What’s your first name?


Hi! My name is Millard. Often when I say that people ask, “Miller and what is your first name?” I then explain that Millard is my first name and Lichter is my last name. So to keep things simple just call me Mill or Magic-Mill. I have been performing restaurants and close up for many years but you probably have never heard of me because that's the way I intended it. Why? Because over 45 years ago I developed an interest in magic and the first magician I met was Ed Marlo working in an arcade that sold magic. He worked upstairs in a secret room called the pro shop and Al Stevenson worked the counter on the main floor selling to the street trade. Week after week I kept getting together with Ed not knowing he was a world-famous card man. Until one night Ed told me that “he had major problems with magicians stealing material from him or coming to town to prove they were the fastest gun in the West”. So I decided I did not want to play that game and kept a very low profile in the magic community. In fact at a Milwaukee WI convention I did some magic with my name badge blank and a reporter from the Top's magazine wrote it up referring to me as the mysterious card expert from Chicago. When Ed read the Top’s article he immediately realized who the mysterious expert was and started laughing. Through Ed I got to meet many magicians. As a joke Ed often introduced me to them as Charlie Miller but over the years he always referred to me as “The Kid”.

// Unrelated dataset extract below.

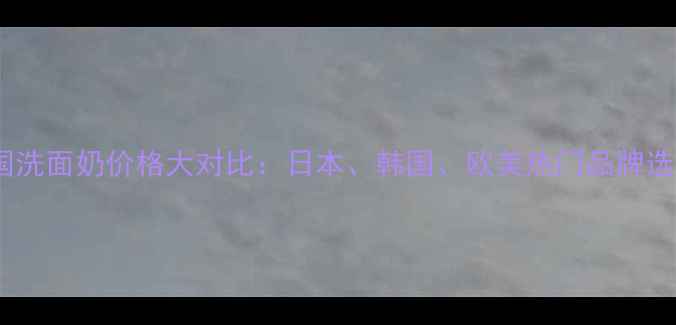 图片 全球各国洗面奶价格大对比：日本、韩国、欧美热门品牌选购指南2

A few years later I started working for the owner of the “Arcade” selling magic in the Greyhound bus station. During this period I worked out a routine with the color changing knives to fool the “smart” kids that came to the counter.

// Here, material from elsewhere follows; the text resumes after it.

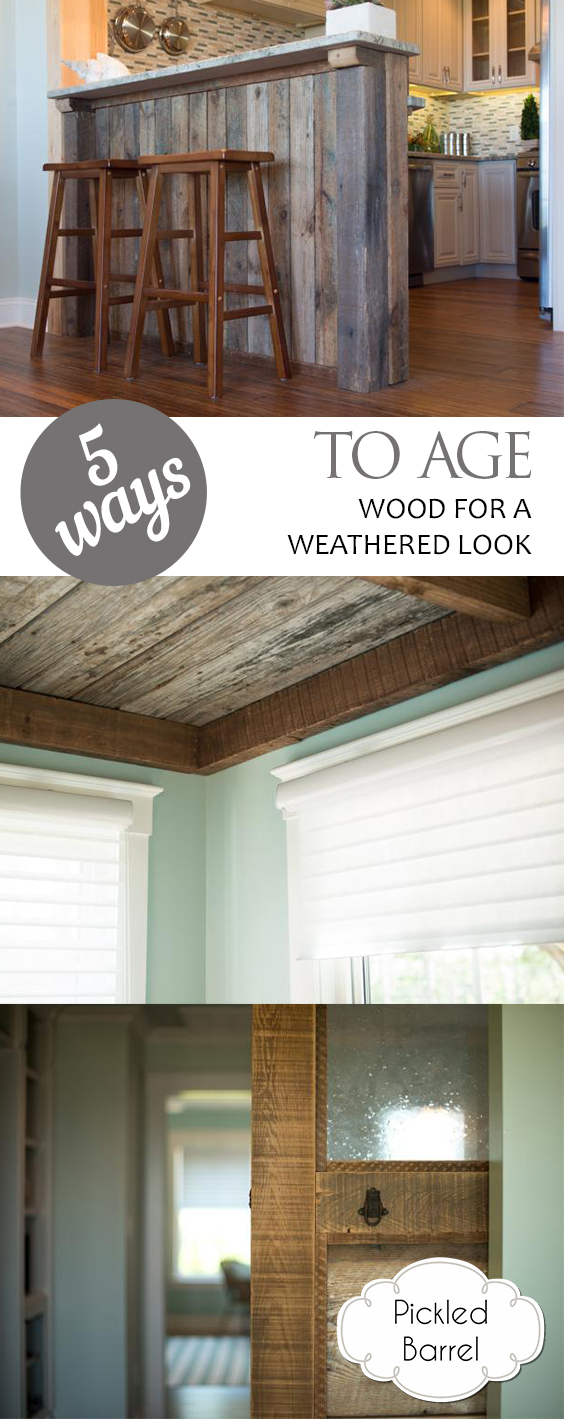5 Ways to Age Wood for a Weathered Look Pickled Barrel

Then Jay Marshall hired me to work the counter at Magic Inc. and gave me my very first close-up gig performing with Jim Ryan and Steranko. At the gig I performed my knife routine for Carmen D'amico who then brought Ed over to see “The Kid” do the knives. Ed said it totally fooled him and it was the very best knife routine he had ever seen. Vernon, Charlie Miller, and other great magicians made similar comments over the years. 
Note: Ed Marlo was the only one I ever taught the routine and he wrote it up saying that ‘if it were his routine he would not sell it for less than $100 a copy”. He loved the routine and performed it while working at a bar.

Last year Doc Wayne helped me rewrite my script to make the routine more entertaining. Doc sells patter tapes for standard tricks that I recommend.